02 November 2011

ATI & UVa: Reopening the review of exempted material

A court in Virginia agreed yesterday that Michael Mann did have standing to join the ATI vs UVa lawsuit (unsurprising) and also agreed to UVa's request to reopen the consent decree that UVa had signed with ATI (again unsurprising).

As we discussed before, the issue at question is how material that UVa thought was exempt from release under FOIA would be reviewed. The initial consent order arranged for the two ATI lawyers (Horner and Schnare) to go over each exempted item themselves. This struck us as very odd. In Federal cases, this is normally assessed via a Vaughn index of all material, reviewed in camera by a judge.

UVa successfully argued that the original arrangement should be re-opened mainly because they were unable to trust the ATI lawyers to maintain confidentiality of the process. This is not a surprising argument given the amount of misrepresentation, disinformation and hyperbole seen in any of their filings, and even more so in their public pronouncements, but it was strengthened enormously by the behaviour of David Schnare in the process of this lawsuit itself.

Schnare, it turns out, was actually a federal civil servant with EPA(!) until a few months ago. According to Nature News, he misrepresented himself in communications with UVa, furthermore, he was not granted permission to engage in outside activity for ATI by his federal employers. This is not surprising either, since ATI has worked on lawsuits associated with challenging the EPA Endangerment Finding which would be a conflict of interest - and doubly so for a lawyer. Thus work that Schnare did as a litigator for ATI while on EPA payroll was a clear violation of Federal ethics rules.
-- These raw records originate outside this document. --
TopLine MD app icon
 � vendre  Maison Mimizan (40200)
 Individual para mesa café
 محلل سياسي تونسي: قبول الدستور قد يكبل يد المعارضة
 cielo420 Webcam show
The irony of the ATI legal team being clearly guilty of the same ethics violations which they have falsely accused others of (c.f. ATI vs NASA (Hansen), CEI vs NASA (Schmidt)) will not be lost on any observers.

The new arrangement to review the exempted material will now likely be seen in camera via a 'representative sampling' approach which will not involve the compromised ATI lawyers. A much better solution.

And as for all the material that was non-exempt and released to ATI months ago? Complete silence.

Update UCS has posted the UVa filings and they are a treat to read: UVa motion Kast Affidavit

2 comments:

  1. The ATI biter bit.

    Not a case of the pot calling the kettle 'black', but more a case of the blackboard calling the chalk 'black'!

    Schadenfreude is a dish best served cold.

    ReplyDelete
  2. Thank you for explaining all these court actions on your blog.